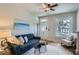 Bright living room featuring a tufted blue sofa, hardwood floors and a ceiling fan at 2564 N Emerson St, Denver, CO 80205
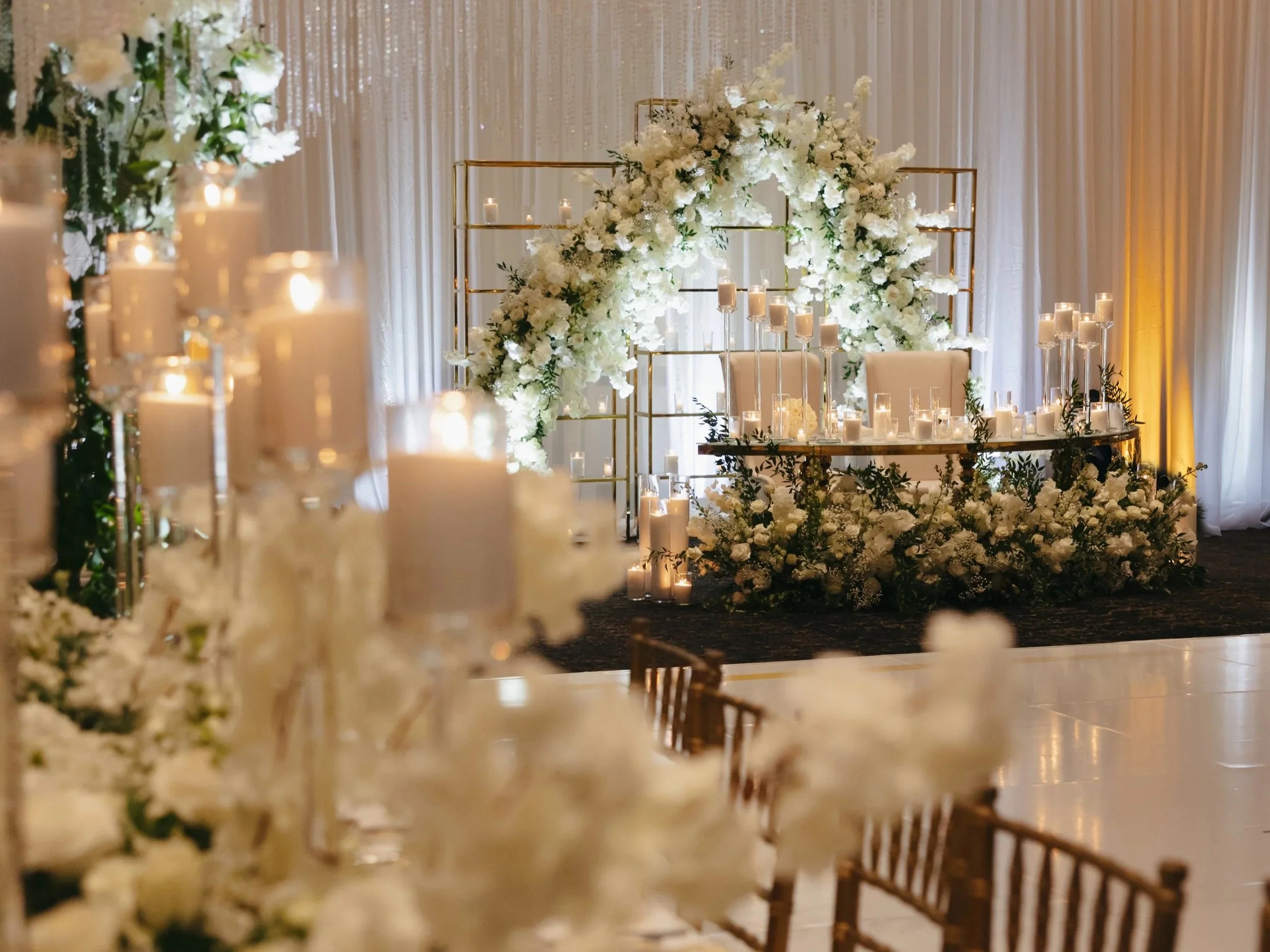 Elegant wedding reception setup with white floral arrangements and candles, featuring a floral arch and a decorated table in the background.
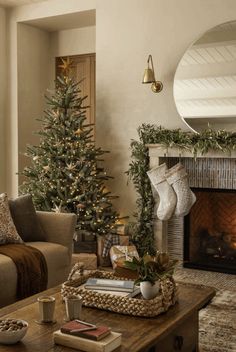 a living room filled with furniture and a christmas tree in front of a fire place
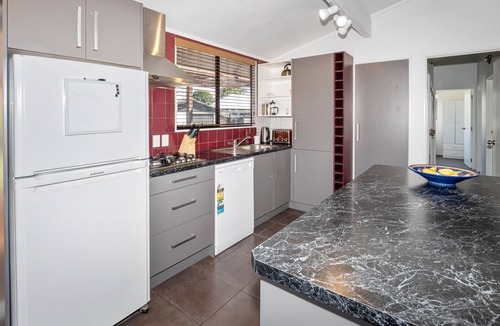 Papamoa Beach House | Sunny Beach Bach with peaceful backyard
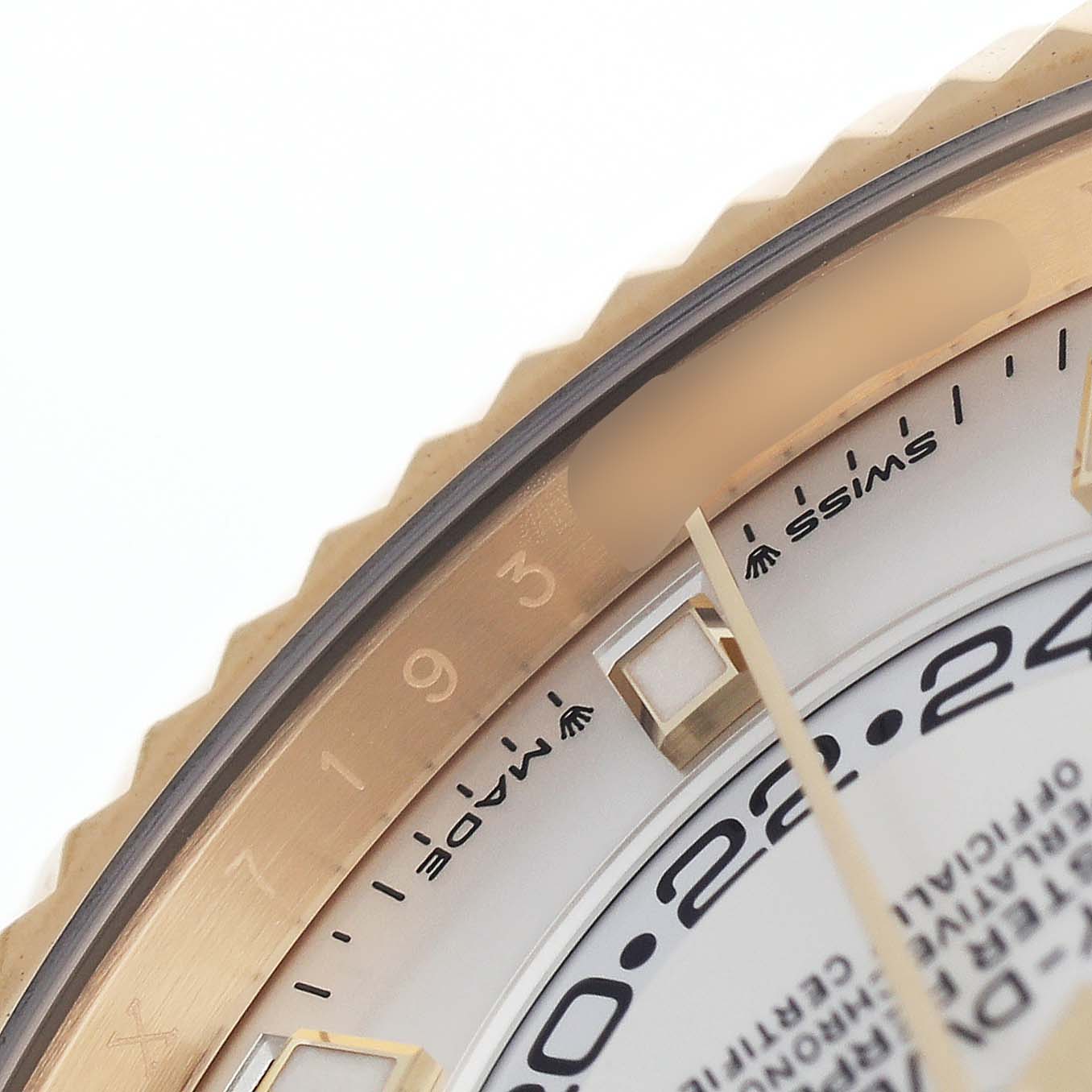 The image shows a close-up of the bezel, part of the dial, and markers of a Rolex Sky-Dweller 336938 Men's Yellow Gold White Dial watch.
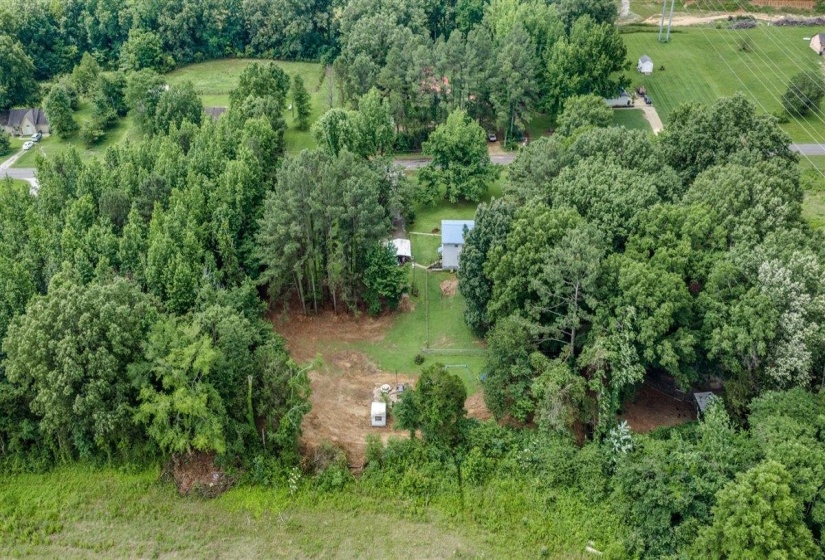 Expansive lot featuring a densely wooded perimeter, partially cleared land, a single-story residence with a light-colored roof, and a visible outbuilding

-- Work instruction --
Copy every entry exactly, leaving out the pictures.

-- Problem solution --
 Bright living room featuring a tufted blue sofa, hardwood floors and a ceiling fan at 2564 N Emerson St, Denver, CO 80205
 Elegant wedding reception setup with white floral arrangements and candles, featuring a floral arch and a decorated table in the background.
 a living room filled with furniture and a christmas tree in front of a fire place
 Papamoa Beach House | Sunny Beach Bach with peaceful backyard
 The image shows a close-up of the bezel, part of the dial, and markers of a Rolex Sky-Dweller 336938 Men's Yellow Gold White Dial watch.
 Expansive lot featuring a densely wooded perimeter, partially cleared land, a single-story residence with a light-colored roof, and a visible outbuilding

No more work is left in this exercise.